• What the exercise asks
Are you able to quote each entry exactly as written?

• Records for processing

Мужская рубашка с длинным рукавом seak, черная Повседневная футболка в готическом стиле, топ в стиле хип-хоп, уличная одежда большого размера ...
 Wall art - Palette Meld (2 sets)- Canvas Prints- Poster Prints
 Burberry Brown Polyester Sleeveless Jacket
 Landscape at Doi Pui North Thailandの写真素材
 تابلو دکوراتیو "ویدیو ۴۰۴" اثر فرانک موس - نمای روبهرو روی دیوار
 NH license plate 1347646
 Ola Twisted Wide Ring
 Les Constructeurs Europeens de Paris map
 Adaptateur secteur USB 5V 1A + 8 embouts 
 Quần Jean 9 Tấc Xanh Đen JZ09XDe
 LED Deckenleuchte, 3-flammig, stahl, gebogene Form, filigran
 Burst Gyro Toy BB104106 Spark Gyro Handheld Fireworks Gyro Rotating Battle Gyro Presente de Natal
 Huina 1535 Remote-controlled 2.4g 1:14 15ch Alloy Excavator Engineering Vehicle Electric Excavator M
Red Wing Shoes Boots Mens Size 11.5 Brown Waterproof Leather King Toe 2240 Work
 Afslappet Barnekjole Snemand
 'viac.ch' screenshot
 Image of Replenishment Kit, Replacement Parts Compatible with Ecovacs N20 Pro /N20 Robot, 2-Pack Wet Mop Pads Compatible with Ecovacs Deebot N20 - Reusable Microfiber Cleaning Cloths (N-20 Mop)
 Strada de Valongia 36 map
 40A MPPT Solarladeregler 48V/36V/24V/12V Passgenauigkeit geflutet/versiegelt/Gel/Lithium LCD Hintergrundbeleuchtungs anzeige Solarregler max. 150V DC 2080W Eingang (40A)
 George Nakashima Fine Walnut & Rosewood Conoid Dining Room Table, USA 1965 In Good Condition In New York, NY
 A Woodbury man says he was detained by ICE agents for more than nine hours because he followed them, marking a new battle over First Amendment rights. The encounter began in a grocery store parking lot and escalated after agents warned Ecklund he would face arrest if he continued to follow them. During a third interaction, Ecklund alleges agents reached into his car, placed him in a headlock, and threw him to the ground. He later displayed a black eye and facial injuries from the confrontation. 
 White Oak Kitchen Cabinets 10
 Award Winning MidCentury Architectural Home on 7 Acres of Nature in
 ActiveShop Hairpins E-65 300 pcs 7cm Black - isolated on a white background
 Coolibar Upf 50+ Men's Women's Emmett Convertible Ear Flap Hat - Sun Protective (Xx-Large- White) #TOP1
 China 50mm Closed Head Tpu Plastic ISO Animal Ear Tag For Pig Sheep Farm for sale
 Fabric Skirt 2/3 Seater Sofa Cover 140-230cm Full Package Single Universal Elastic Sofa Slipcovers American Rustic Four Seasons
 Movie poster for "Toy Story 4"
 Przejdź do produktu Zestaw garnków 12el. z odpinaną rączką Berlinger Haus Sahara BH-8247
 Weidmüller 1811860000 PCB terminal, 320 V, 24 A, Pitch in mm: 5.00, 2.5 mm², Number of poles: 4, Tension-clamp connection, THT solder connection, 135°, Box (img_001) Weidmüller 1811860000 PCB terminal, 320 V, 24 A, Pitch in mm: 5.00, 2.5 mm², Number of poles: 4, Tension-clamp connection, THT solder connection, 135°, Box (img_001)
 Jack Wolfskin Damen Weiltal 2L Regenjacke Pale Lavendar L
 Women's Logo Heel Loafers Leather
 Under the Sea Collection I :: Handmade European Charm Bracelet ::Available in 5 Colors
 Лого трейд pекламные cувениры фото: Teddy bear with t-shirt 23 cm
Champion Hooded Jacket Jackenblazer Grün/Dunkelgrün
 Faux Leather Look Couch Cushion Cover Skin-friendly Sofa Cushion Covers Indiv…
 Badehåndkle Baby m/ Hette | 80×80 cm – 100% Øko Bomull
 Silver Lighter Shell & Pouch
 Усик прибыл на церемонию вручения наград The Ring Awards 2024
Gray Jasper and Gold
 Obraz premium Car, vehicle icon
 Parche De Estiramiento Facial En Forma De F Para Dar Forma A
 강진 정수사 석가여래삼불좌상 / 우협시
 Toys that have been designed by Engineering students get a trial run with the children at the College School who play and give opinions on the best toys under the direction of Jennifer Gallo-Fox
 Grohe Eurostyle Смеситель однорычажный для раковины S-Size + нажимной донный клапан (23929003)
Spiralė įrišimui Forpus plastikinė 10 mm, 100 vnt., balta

• Output of the task
Мужская рубашка с длинным рукавом seak, черная Повседневная футболка в готическом стиле, топ в стиле хип-хоп, уличная одежда большого размера ...
 Wall art - Palette Meld (2 sets)- Canvas Prints- Poster Prints
 Burberry Brown Polyester Sleeveless Jacket
 Landscape at Doi Pui North Thailandの写真素材
 تابلو دکوراتیو "ویدیو ۴۰۴" اثر فرانک موس - نمای روبهرو روی دیوار
 NH license plate 1347646
 Ola Twisted Wide Ring
 Les Constructeurs Europeens de Paris map
 Adaptateur secteur USB 5V 1A + 8 embouts 
 Quần Jean 9 Tấc Xanh Đen JZ09XDe
 LED Deckenleuchte, 3-flammig, stahl, gebogene Form, filigran
 Burst Gyro Toy BB104106 Spark Gyro Handheld Fireworks Gyro Rotating Battle Gyro Presente de Natal
 Huina 1535 Remote-controlled 2.4g 1:14 15ch Alloy Excavator Engineering Vehicle Electric Excavator M
Red Wing Shoes Boots Mens Size 11.5 Brown Waterproof Leather King Toe 2240 Work
 Afslappet Barnekjole Snemand
 'viac.ch' screenshot
 Image of Replenishment Kit, Replacement Parts Compatible with Ecovacs N20 Pro /N20 Robot, 2-Pack Wet Mop Pads Compatible with Ecovacs Deebot N20 - Reusable Microfiber Cleaning Cloths (N-20 Mop)
 Strada de Valongia 36 map
 40A MPPT Solarladeregler 48V/36V/24V/12V Passgenauigkeit geflutet/versiegelt/Gel/Lithium LCD Hintergrundbeleuchtungs anzeige Solarregler max. 150V DC 2080W Eingang (40A)
 George Nakashima Fine Walnut & Rosewood Conoid Dining Room Table, USA 1965 In Good Condition In New York, NY
 A Woodbury man says he was detained by ICE agents for more than nine hours because he followed them, marking a new battle over First Amendment rights. The encounter began in a grocery store parking lot and escalated after agents warned Ecklund he would face arrest if he continued to follow them. During a third interaction, Ecklund alleges agents reached into his car, placed him in a headlock, and threw him to the ground. He later displayed a black eye and facial injuries from the confrontation. 
 White Oak Kitchen Cabinets 10
 Award Winning MidCentury Architectural Home on 7 Acres of Nature in
 ActiveShop Hairpins E-65 300 pcs 7cm Black - isolated on a white background
 Coolibar Upf 50+ Men's Women's Emmett Convertible Ear Flap Hat - Sun Protective (Xx-Large- White) #TOP1
 China 50mm Closed Head Tpu Plastic ISO Animal Ear Tag For Pig Sheep Farm for sale
 Fabric Skirt 2/3 Seater Sofa Cover 140-230cm Full Package Single Universal Elastic Sofa Slipcovers American Rustic Four Seasons
 Movie poster for "Toy Story 4"
 Przejdź do produktu Zestaw garnków 12el. z odpinaną rączką Berlinger Haus Sahara BH-8247
 Weidmüller 1811860000 PCB terminal, 320 V, 24 A, Pitch in mm: 5.00, 2.5 mm², Number of poles: 4, Tension-clamp connection, THT solder connection, 135°, Box (img_001) Weidmüller 1811860000 PCB terminal, 320 V, 24 A, Pitch in mm: 5.00, 2.5 mm², Number of poles: 4, Tension-clamp connection, THT solder connection, 135°, Box (img_001)
 Jack Wolfskin Damen Weiltal 2L Regenjacke Pale Lavendar L
 Women's Logo Heel Loafers Leather
 Under the Sea Collection I :: Handmade European Charm Bracelet ::Available in 5 Colors
 Лого трейд pекламные cувениры фото: Teddy bear with t-shirt 23 cm
Champion Hooded Jacket Jackenblazer Grün/Dunkelgrün
 Faux Leather Look Couch Cushion Cover Skin-friendly Sofa Cushion Covers Indiv…
 Badehåndkle Baby m/ Hette | 80×80 cm – 100% Øko Bomull
 Silver Lighter Shell & Pouch
 Усик прибыл на церемонию вручения наград The Ring Awards 2024
Gray Jasper and Gold
 Obraz premium Car, vehicle icon
 Parche De Estiramiento Facial En Forma De F Para Dar Forma A
 강진 정수사 석가여래삼불좌상 / 우협시
 Toys that have been designed by Engineering students get a trial run with the children at the College School who play and give opinions on the best toys under the direction of Jennifer Gallo-Fox
 Grohe Eurostyle Смеситель однорычажный для раковины S-Size + нажимной донный клапан (23929003)
Spiralė įrišimui Forpus plastikinė 10 mm, 100 vnt., balta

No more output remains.